What is being asked: In the material below, find the span from the line with "Nutrition coach working" to the line with "Seven family members" and transcribe only those lines, exactly, ends included, without the pictures.

Task data:
((
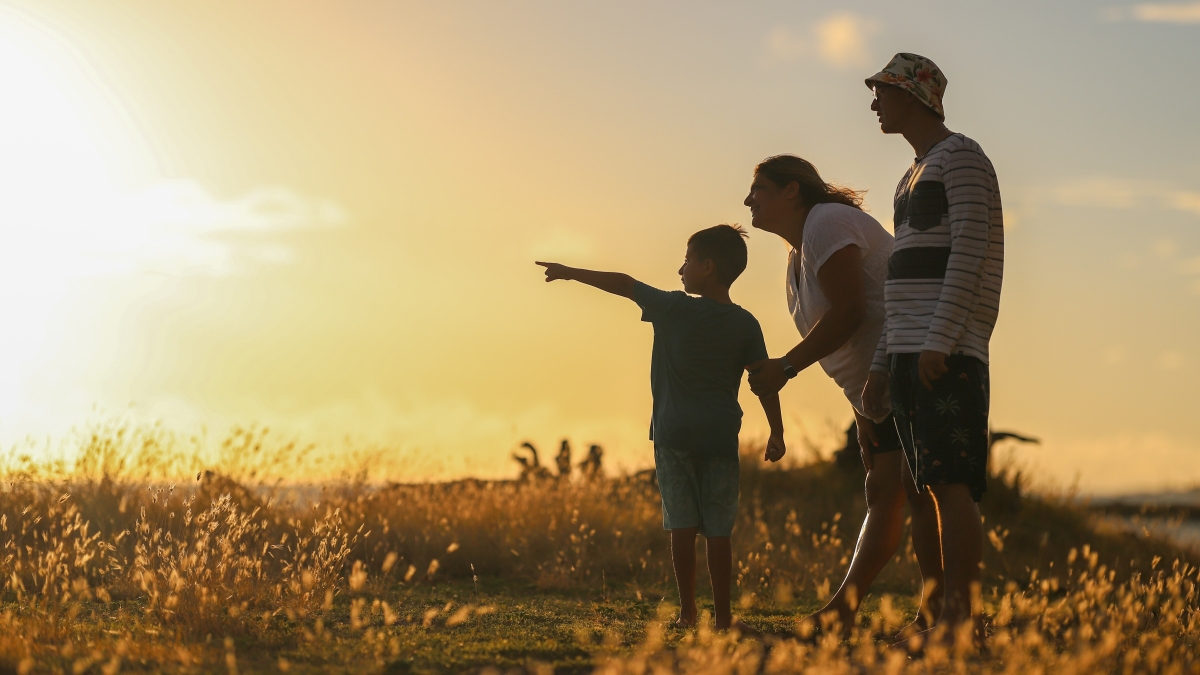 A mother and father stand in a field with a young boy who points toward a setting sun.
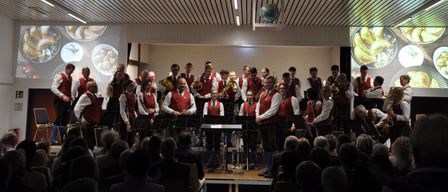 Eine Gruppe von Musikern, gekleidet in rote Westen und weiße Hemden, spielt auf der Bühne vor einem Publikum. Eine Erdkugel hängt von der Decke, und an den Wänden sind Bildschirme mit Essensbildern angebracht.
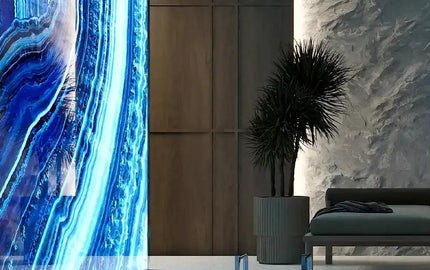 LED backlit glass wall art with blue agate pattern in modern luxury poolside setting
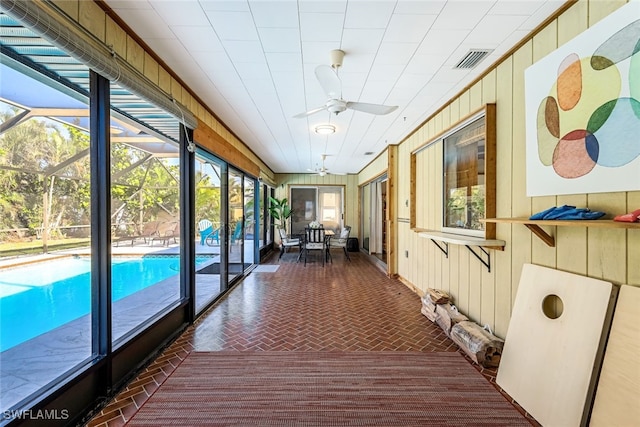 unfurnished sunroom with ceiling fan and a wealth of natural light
))
((
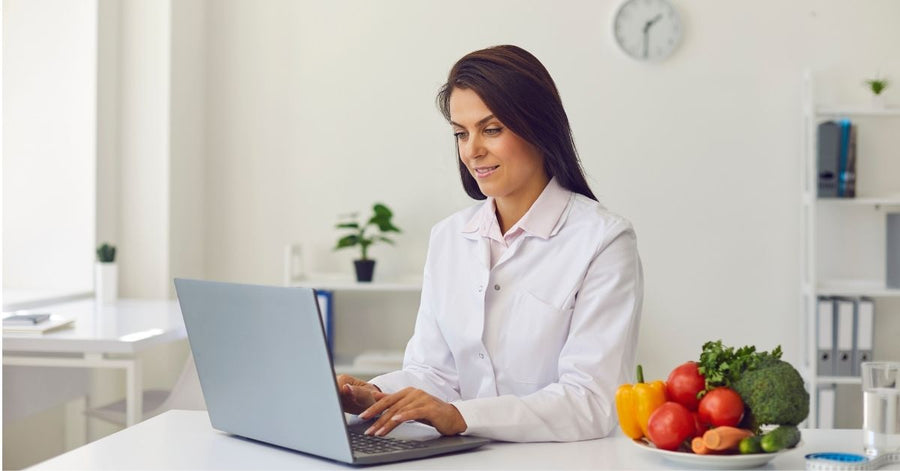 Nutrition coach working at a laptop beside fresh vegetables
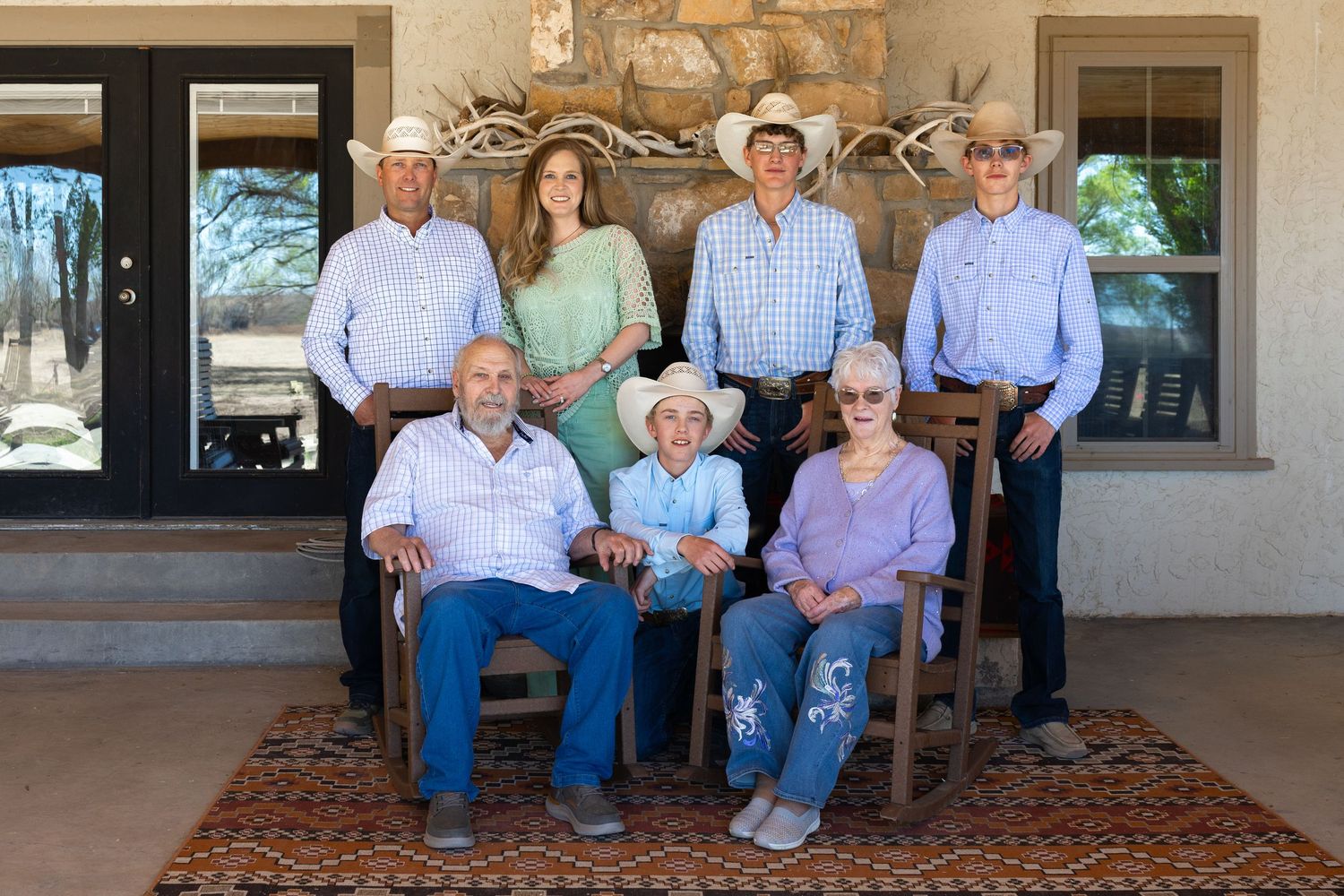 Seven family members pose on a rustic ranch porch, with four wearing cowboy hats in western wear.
))
Answer to this task:
 Nutrition coach working at a laptop beside fresh vegetables
 Seven family members pose on a rustic ranch porch, with four wearing cowboy hats in western wear.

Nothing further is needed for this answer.